Growth in food grain production is expected to be much lower this year in the country as less progress has been made in the sowing of summer (kharif) crops than last year, says a Nomura report. According to the Japanese financial services major, the land area sown has fallen across all other crops: rice, pulses, coarse cereals, oilseeds and jute. “Overall, with less than three weeks left in the monsoon season (June-September), the current crop sowing progress suggests growth in food grain production will be much lower this year,” Nomura said.
The report noted that slow progress on crop sowing means that there could be downside risks to its agriculture GVA growth forecast. “While there could be offsets such as higher horticulture output, higher yields or higher winter crop output, current evidence suggests there are downside risks to our agriculture GVA growth projection of 3.3 per cent in 2017-18 (year-end March 2018),” Nomura said.

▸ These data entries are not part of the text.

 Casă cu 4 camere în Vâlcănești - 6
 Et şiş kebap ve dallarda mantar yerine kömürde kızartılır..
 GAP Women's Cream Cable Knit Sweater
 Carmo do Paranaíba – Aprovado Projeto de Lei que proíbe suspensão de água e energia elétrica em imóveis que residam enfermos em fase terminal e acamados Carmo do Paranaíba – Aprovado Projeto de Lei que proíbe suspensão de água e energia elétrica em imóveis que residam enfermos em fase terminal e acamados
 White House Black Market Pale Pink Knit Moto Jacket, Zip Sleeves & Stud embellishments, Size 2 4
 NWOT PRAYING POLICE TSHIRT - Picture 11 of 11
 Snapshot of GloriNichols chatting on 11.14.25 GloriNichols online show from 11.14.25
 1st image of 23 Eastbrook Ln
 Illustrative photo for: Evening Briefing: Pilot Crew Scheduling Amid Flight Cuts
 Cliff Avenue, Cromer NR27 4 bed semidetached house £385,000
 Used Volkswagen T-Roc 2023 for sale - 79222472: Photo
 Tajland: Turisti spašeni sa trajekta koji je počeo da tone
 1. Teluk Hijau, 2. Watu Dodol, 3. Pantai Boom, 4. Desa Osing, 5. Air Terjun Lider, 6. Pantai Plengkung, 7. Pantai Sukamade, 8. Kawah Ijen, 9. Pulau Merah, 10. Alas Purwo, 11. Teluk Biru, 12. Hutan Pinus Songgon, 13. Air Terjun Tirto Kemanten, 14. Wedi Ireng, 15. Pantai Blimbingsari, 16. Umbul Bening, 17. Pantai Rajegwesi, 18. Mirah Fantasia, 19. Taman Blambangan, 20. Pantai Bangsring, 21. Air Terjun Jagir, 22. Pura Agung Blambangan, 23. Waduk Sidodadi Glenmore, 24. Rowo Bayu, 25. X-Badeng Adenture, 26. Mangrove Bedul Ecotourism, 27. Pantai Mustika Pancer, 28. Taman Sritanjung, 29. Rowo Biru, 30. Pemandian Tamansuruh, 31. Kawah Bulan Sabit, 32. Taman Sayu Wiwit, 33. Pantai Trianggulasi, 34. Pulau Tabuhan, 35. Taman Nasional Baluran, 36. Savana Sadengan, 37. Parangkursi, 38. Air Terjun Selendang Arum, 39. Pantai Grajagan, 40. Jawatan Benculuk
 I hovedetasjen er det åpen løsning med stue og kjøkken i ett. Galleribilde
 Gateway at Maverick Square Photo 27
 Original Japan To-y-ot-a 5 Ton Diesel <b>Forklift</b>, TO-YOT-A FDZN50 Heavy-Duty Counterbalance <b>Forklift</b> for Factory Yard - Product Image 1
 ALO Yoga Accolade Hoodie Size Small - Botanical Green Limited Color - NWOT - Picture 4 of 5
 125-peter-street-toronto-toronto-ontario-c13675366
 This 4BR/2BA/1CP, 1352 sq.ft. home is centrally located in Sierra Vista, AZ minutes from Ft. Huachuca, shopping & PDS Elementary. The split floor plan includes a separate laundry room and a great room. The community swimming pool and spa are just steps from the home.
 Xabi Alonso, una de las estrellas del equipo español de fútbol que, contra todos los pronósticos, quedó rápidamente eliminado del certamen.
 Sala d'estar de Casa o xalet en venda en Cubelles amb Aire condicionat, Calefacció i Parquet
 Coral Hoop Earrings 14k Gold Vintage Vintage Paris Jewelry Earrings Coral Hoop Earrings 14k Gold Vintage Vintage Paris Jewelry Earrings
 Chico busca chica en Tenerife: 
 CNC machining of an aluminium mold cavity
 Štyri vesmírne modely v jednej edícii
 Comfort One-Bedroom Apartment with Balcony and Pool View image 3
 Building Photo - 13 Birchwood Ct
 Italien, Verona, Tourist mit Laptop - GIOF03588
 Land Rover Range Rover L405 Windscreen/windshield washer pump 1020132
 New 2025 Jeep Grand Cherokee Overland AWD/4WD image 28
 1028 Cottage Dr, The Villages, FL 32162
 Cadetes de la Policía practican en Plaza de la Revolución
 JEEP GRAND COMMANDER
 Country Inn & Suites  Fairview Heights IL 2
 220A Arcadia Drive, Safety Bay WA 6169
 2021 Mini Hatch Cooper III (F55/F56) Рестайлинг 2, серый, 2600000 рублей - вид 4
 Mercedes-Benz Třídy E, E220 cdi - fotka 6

According to the report, the drop in the sowing of summer crops is a result of two factors — decline in prices and weather conditions. In the case of pulses, oilseeds and jute, the decline crop sowing was a response to low prices, it said adding WPI inflation in pulses, oilseeds and raw jute declined to (-) 33 per cent, (-) 14 per cent and (-) 35 per cent year-on-year respectively, in July 2017. “Thus there is little incentive for farmers to plant these crops, as realisations are expected to be low – a typical cobweb cycle response,” the report said.
The other major reason for decline in crop sown area is weather related. “The spatial distribution of rains has been uneven with the Northwest and Southern regions receiving below normal rains, while floods have hurt standing crops in many other states,” the report said.